[Items from a data source]
···

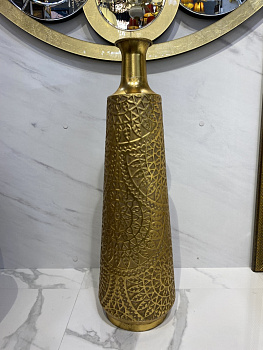 Ваза напольная для сухоцветов Алжир металл золото Casaentera 22x22x71см CE04-57-109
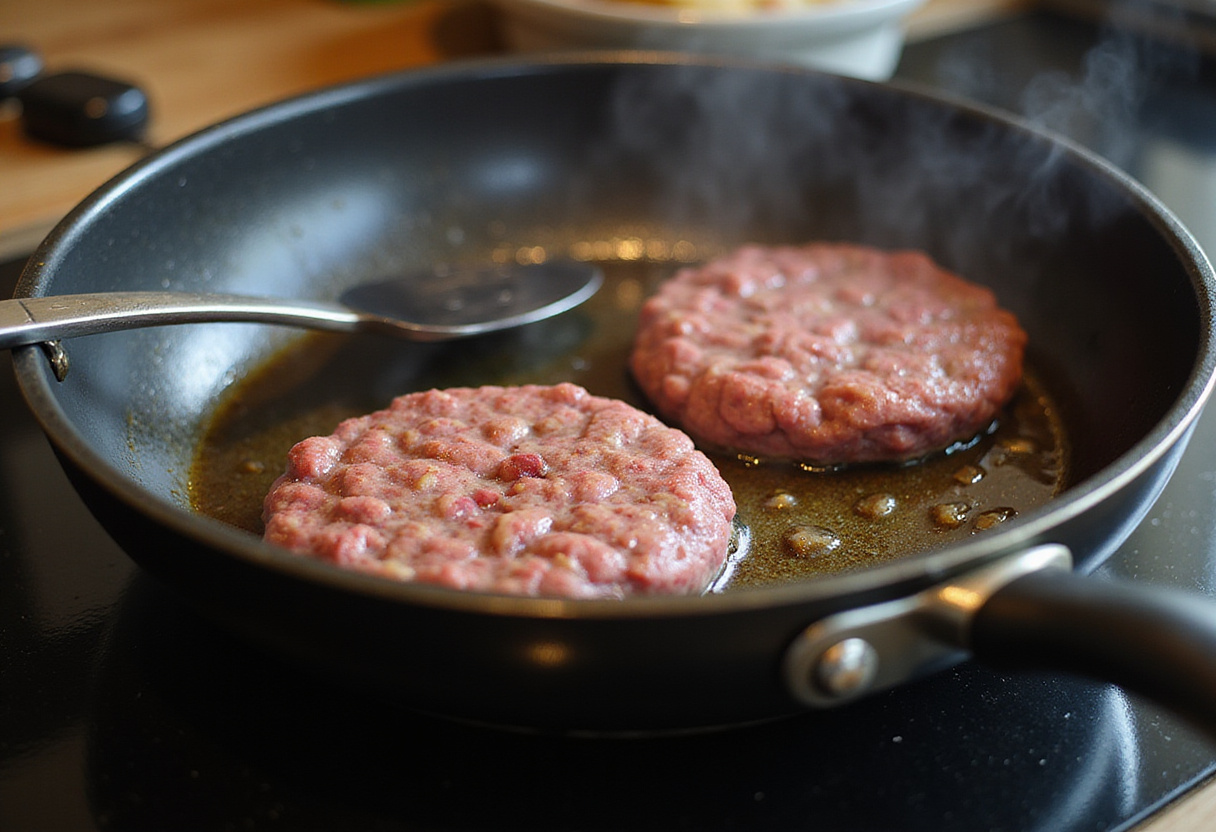 Cooking beef patties on stovetop for Big Mac Wraps, sizzling sound, preparing delicious toppings like cheese, lettuce.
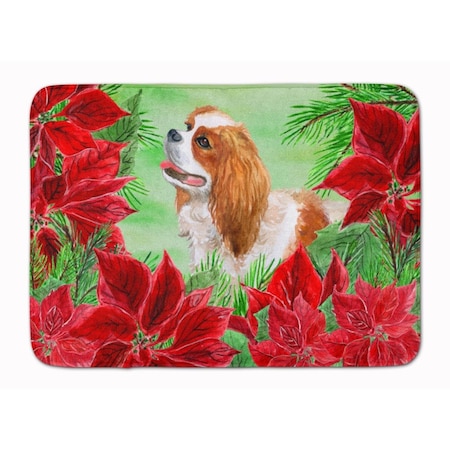 Carolines Treasures Cavalier Spaniel Poinsettas Machine Washable Memory Foam Mat CK1311RUG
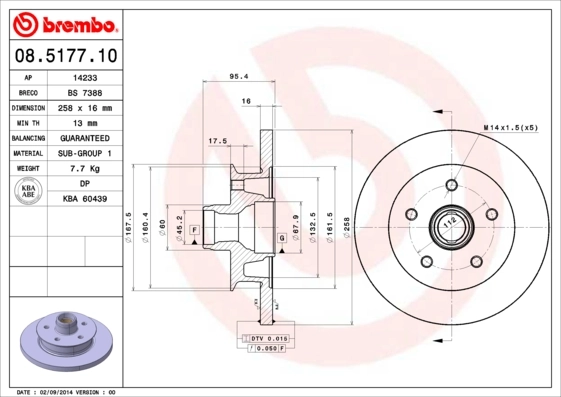 Disque de frein BREMBO 08.5177.10
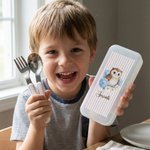 Personalised Cute Flower Animal Fork Spoon Knife 3 Pcs Cutlery Set with Name Back to School Easter Birthday Gift for Boys Girls
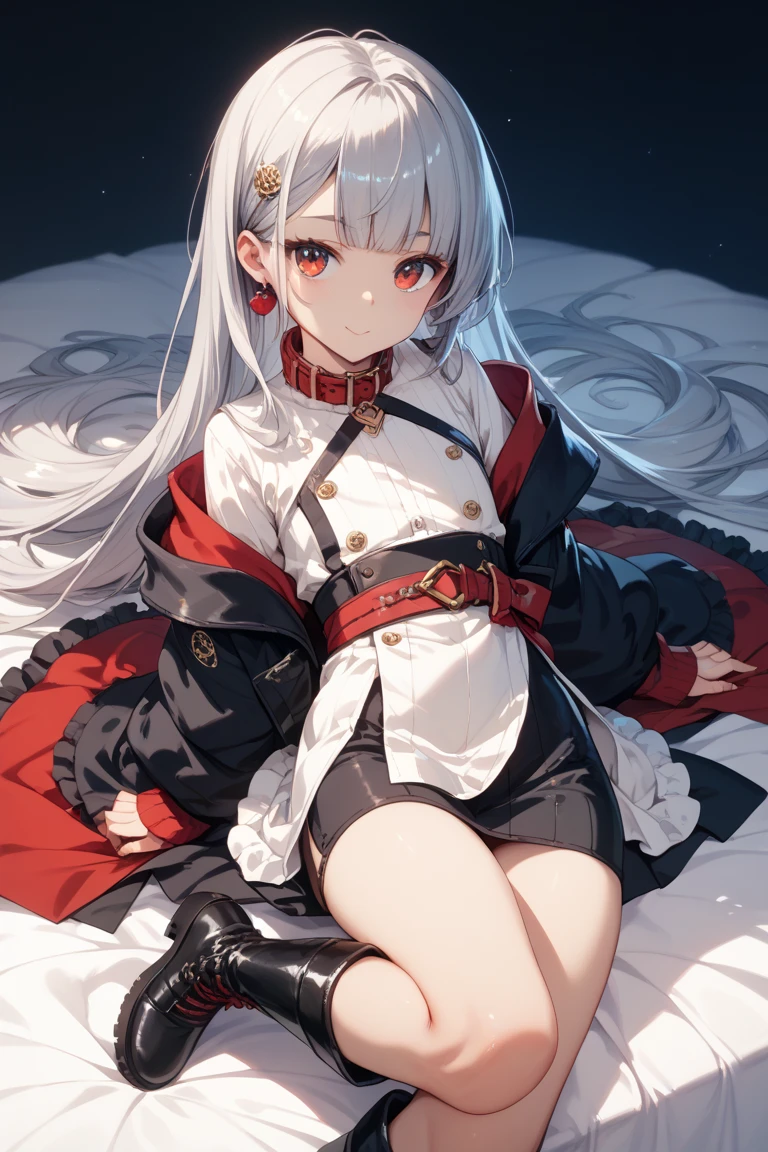 highest quality)), ((masterpiece)),Perfect Face((highest quality))cute,beautiful girl,Pure white hair,bangs,Medium Hair、blue eyes.Alone,smile,Cute, Short Hair、Beautiful eyes,Healthy Body、Beautiful breasts、8K、wallpaper、belt、White military uniform、mini skirt、beret、Chest Band、Rib Band、tights、boots、lie on bed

···

■ **Required work**: What you return must match, line for line, the records from the line containing "Cooking beef patties" through their end, with both ends included and no pictures.

■ **Your solution**:
 Cooking beef patties on stovetop for Big Mac Wraps, sizzling sound, preparing delicious toppings like cheese, lettuce.
 Carolines Treasures Cavalier Spaniel Poinsettas Machine Washable Memory Foam Mat CK1311RUG
 Disque de frein BREMBO 08.5177.10
 Personalised Cute Flower Animal Fork Spoon Knife 3 Pcs Cutlery Set with Name Back to School Easter Birthday Gift for Boys Girls
 highest quality)), ((masterpiece)),Perfect Face((highest quality))cute,beautiful girl,Pure white hair,bangs,Medium Hair、blue eyes.Alone,smile,Cute, Short Hair、Beautiful eyes,Healthy Body、Beautiful breasts、8K、wallpaper、belt、White military uniform、mini skirt、beret、Chest Band、Rib Band、tights、boots、lie on bed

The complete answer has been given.